NFL considers plan to improve draft position for teams that hire minority coaches, GMs: report
The new guidelines would reward teams that hired a minority coach by improving their third-round draft pick position by six slots, with a 10-spot jump for any team that brought on a minority candidate as general manager. A team that did both could move up 16 spots.
At next week’s remote league meeting, NFL owners are set to consider a new proposal that would incentivize minority coach and general manager hiring, according to NFL Network’s Jim Trotter.
The new guidelines would reward teams that hired a minority coach by improving their third-round draft pick position by six slots, with a 10-spot jump for any team that brought on a minority candidate as general manager, per the report. A team that did both could move up 16 spots.
Additional draft compensation would be afforded to teams that lost a minority coach to a head position (third-round pick) or coordinator job (fifth-round pick) elsewhere, per the report. A team could also improve its fourth-round pick by five slots if a minority coach or general manager was still with the team entering their third year, according to NFL.com. Bringing on a minority quarterbacks coach would yield a fourth-round compensatory pick, so long as the candidate was set to be retained after one season.
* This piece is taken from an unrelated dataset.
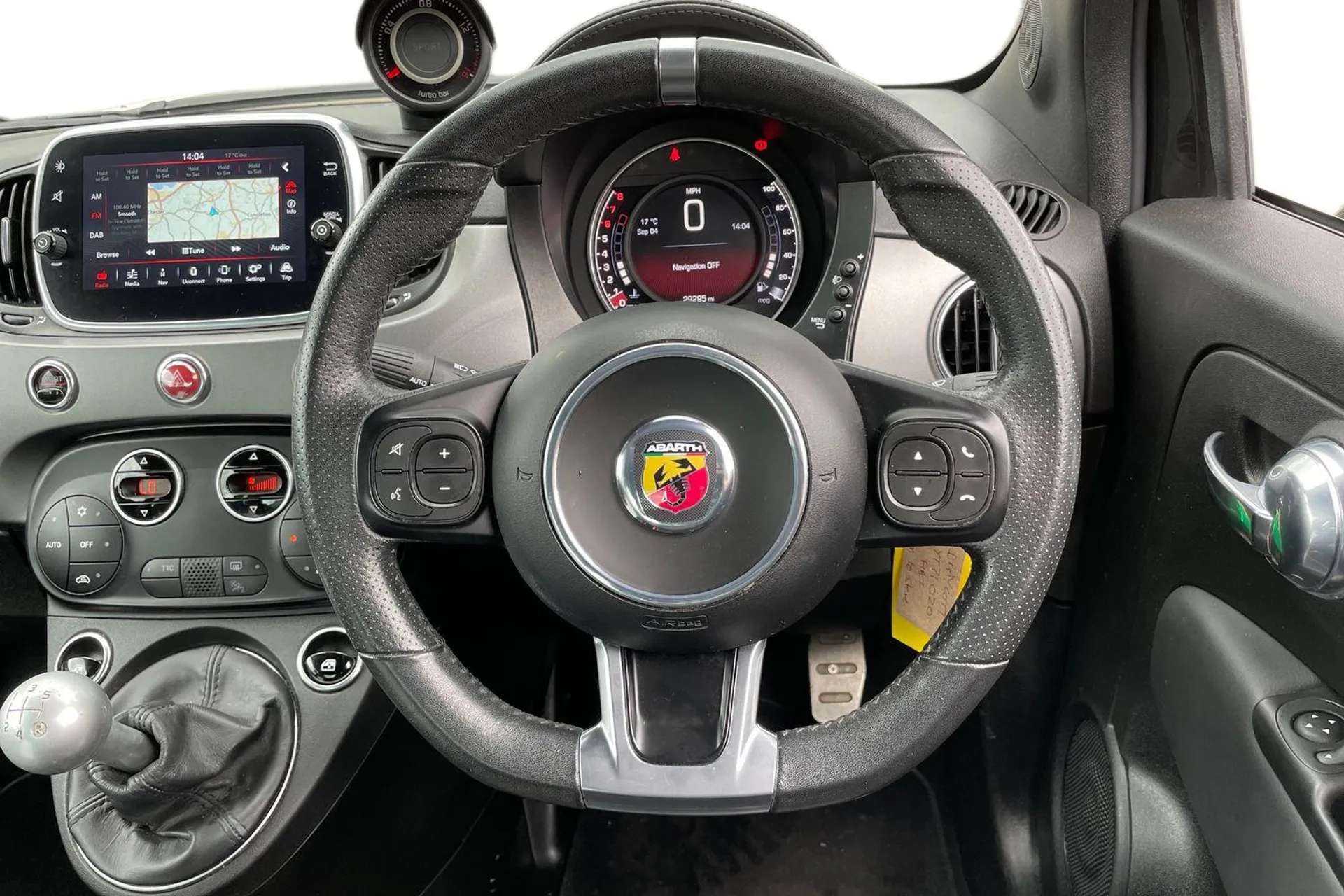 2021 ABARTH 595 2021 ABARTH 595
The NFL is also weighing whether to strengthen the Rooney Rule, which requires teams to interview at least one minority candidate for coach and general manager openings, by mandating multiple minority candidates be interviewed, per the report. The changes would also make the rule applicable to coordinator vacancies, according to NFL.com.
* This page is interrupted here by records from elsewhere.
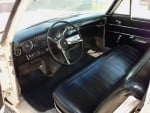 1966 Cadillac Miller Meteor Landau Hearse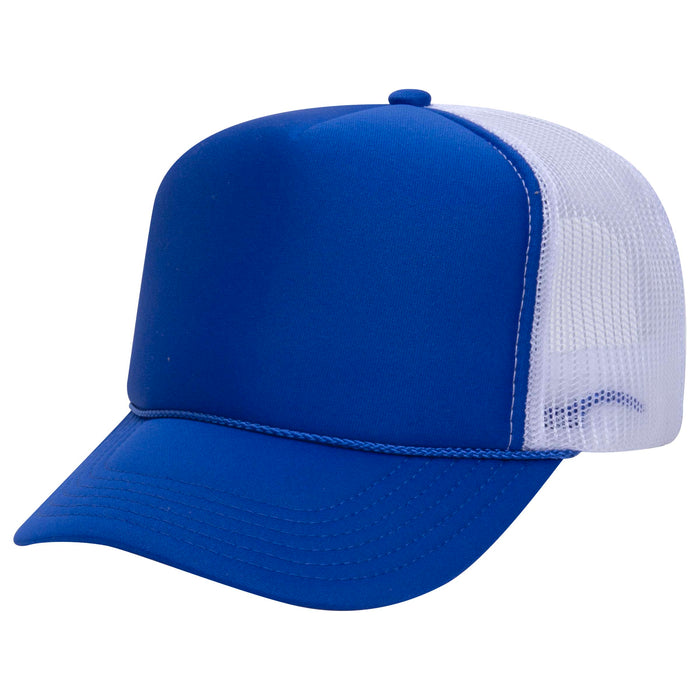 White/Royal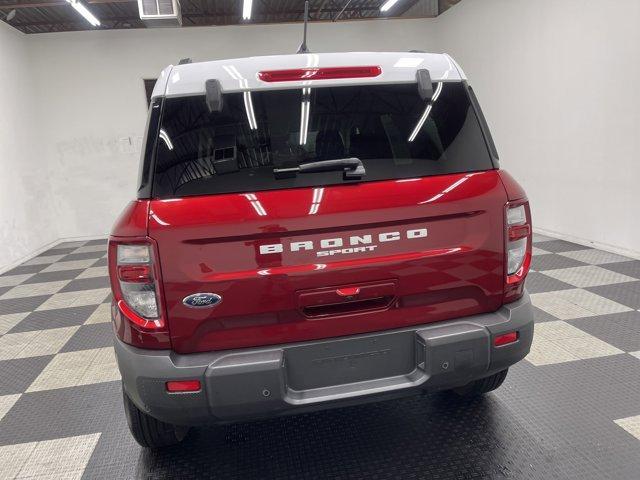 new 2025 Ford Bronco Sport car, priced at $36,266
Heading into the 2020 season, the NFL has just four minority head coaches: the Pittsburgh Steelers’ Mike Tomlin, the Los Angeles Chargers’ Anthony Lynn, the Miami Dolphins’ Brian Flores and the Washington Redskins’ Ron Rivera, who was fired by the Carolina Panthers last December. The Dolphins’ Chris Grier and Cleveland Browns’ Andrew Berry are the only minority general managers.
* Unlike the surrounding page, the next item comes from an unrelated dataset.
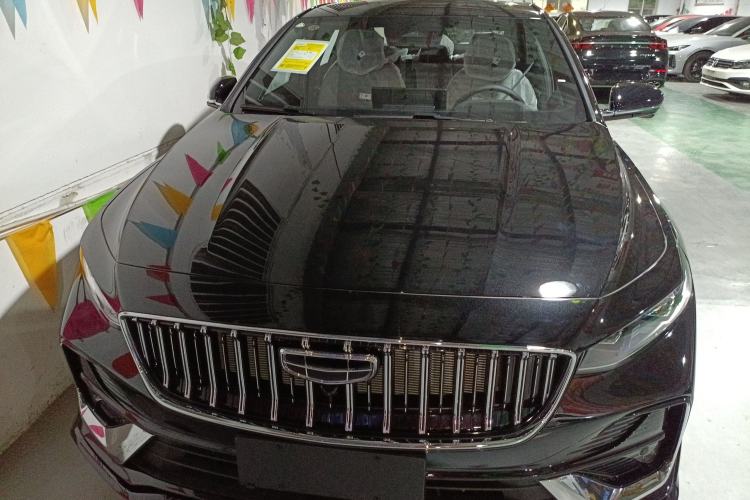 Used Geely Auto Preface 2026 Model Oriental Yao 1.5TD Kunlun Edition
“Clearly, we are not where we want to be on this level,” NFL Commissioner Roger Goodell said in a news conference the week before Super Bowl LIV. “We have a lot of work that’s gone into not only the Rooney Rule, but our policies overall. It’s clear we need to change and do something different.”
Another proposal expected to be on the table would prevent teams from blocking assistant coaches from interviewing for coordinator vacancies, per the report.
NFL owners are set to meet next Tuesday. The proposals would require approval from 24 of 32 owners to pass.